The Bench said “Article 21 coupled with 32 provides the finest guarantee and most effective protection of the most precious of all rights — the right to life and personal liberty. Any indication of violation of this right would put all the faculties of this court on high alert to find out the truth. In case the court finds that there has, in fact, been violation of the right, it would be the court’s bounden duty to step in to protect those rights against the unlawful onslaught by the state. We, therefore, see no reason not to examine the matter directly but only vicariously and second-hand, through the agency of the NHRC.”
The Supreme Court said: “It is true that Manipur is a disturbed area, that there appears to be a good amount of terrorist activity affecting the public order and, maybe, even security of that State. If the police version of the incidents in question were true, there could have been no question of any interference by the court. Nobody can say the police should wait till they are shot at. It is for the force on the spot to decide when to act, how to act and where to act. It is not for the court to say how the terrorists should be fought. We cannot be blind to the fact that even after 50 years of our independence, our territorial integrity is not fully secure. We request the commission to make a thorough enquiry in the first six cases.”

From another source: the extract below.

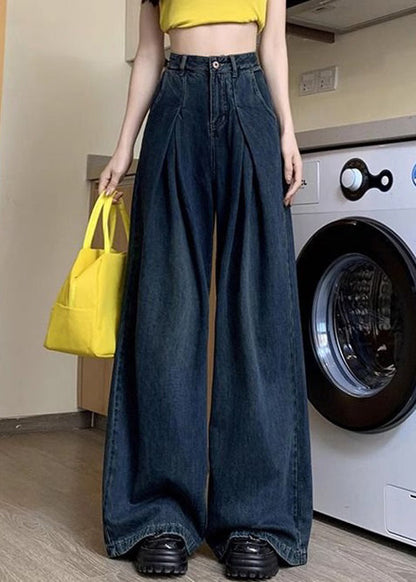 Women Denim Blue Button Pockets Denim Wide Leg Pants Summer PP036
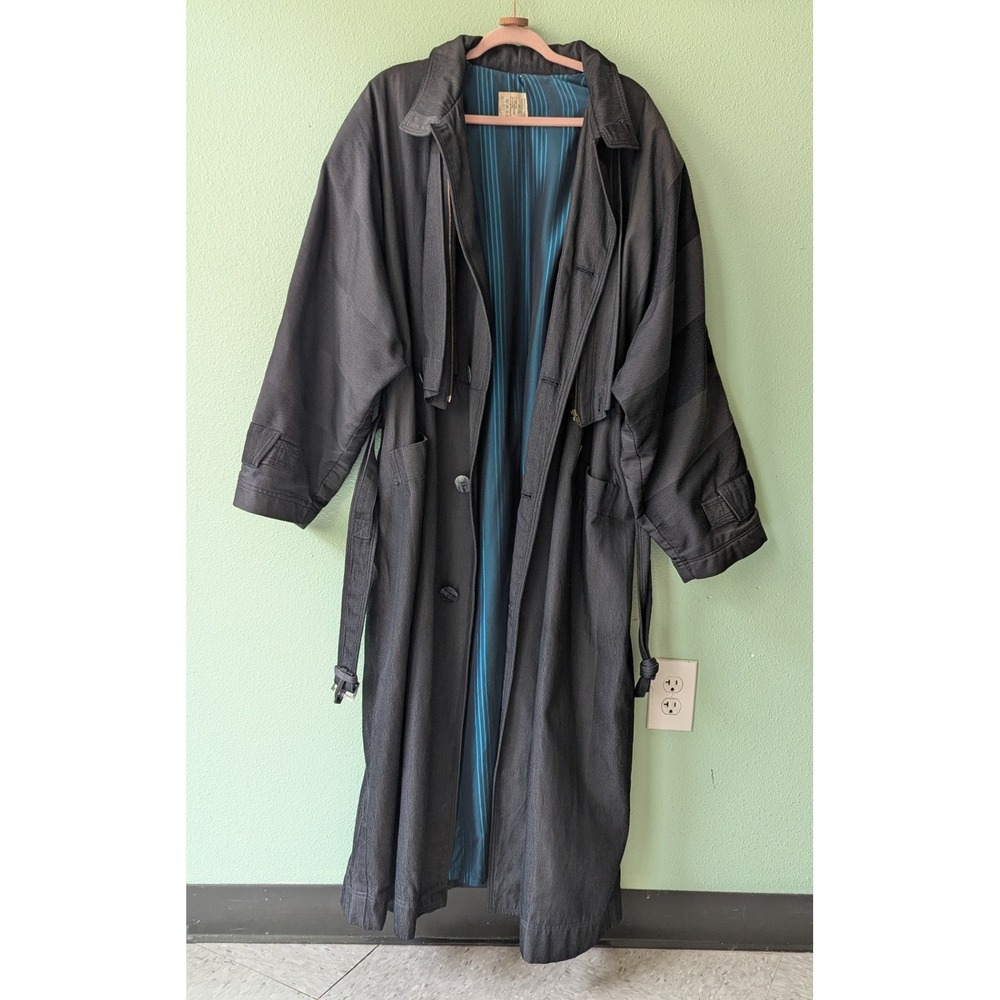 Vintage Arrston Volaju Kohshin Satoh Trench Coat Grey Teal Lining Large 80s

The commission, which includes the former Chief Election Commissioner, J.M. Lyngdoh, and the former DGP, Karnataka, Ajay Kumar Singh, would also address the larger question of the role of the State police and the security forces and make a report on their functioning within 12 weeks. If it was found that they violated legal bounds, the commission should make its recommendations for keeping the police and security forces within the legal limits without compromising on the fight against insurgency, the Bench said.